--- Supplied data ---
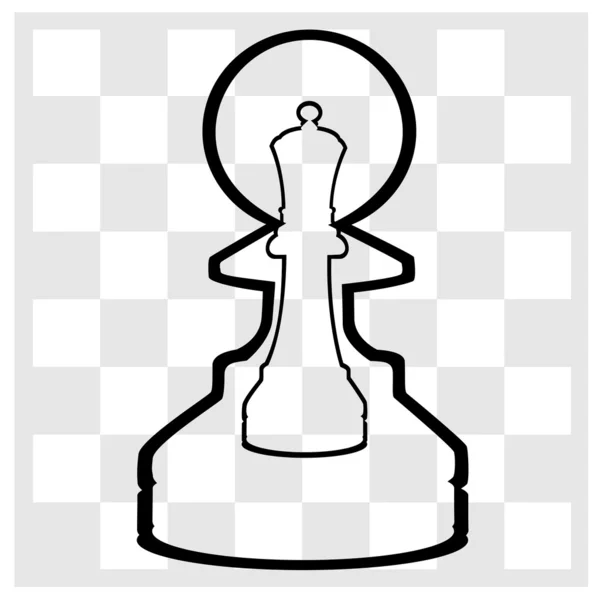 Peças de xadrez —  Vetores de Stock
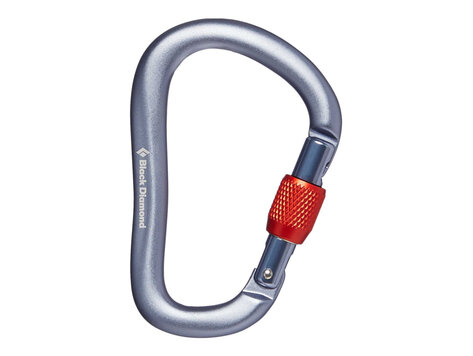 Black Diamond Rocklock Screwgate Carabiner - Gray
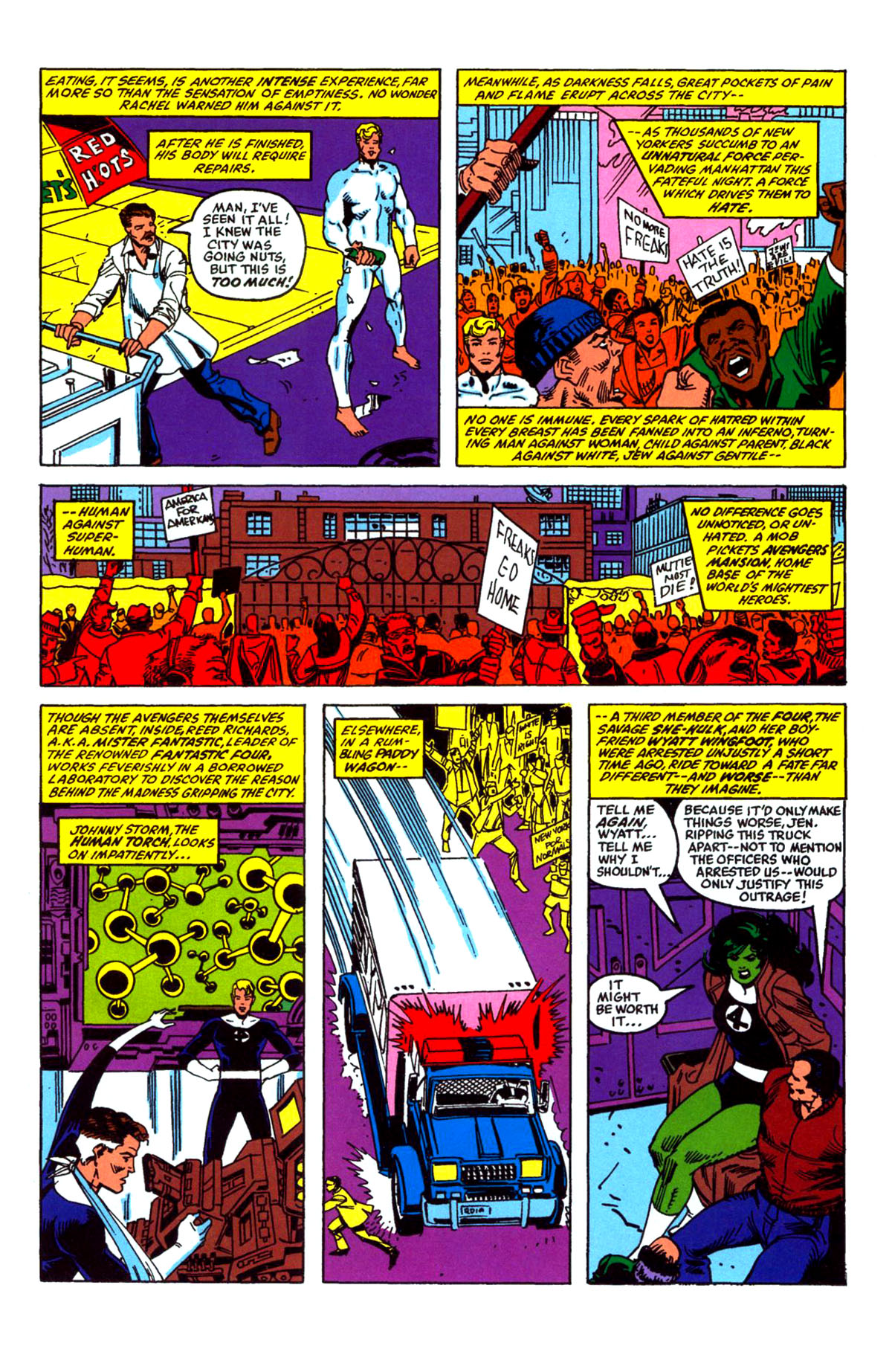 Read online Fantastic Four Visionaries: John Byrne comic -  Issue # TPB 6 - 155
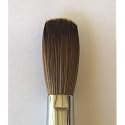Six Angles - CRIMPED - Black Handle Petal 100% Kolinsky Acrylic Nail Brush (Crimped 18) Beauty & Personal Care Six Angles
---
**Exercise objective**
Could you give the listing above again word for word, without any pictures?

**Written answer**
 Peças de xadrez —  Vetores de Stock
 Black Diamond Rocklock Screwgate Carabiner - Gray
 Read online Fantastic Four Visionaries: John Byrne comic -  Issue # TPB 6 - 155
Six Angles - CRIMPED - Black Handle Petal 100% Kolinsky Acrylic Nail Brush (Crimped 18) Beauty & Personal Care Six Angles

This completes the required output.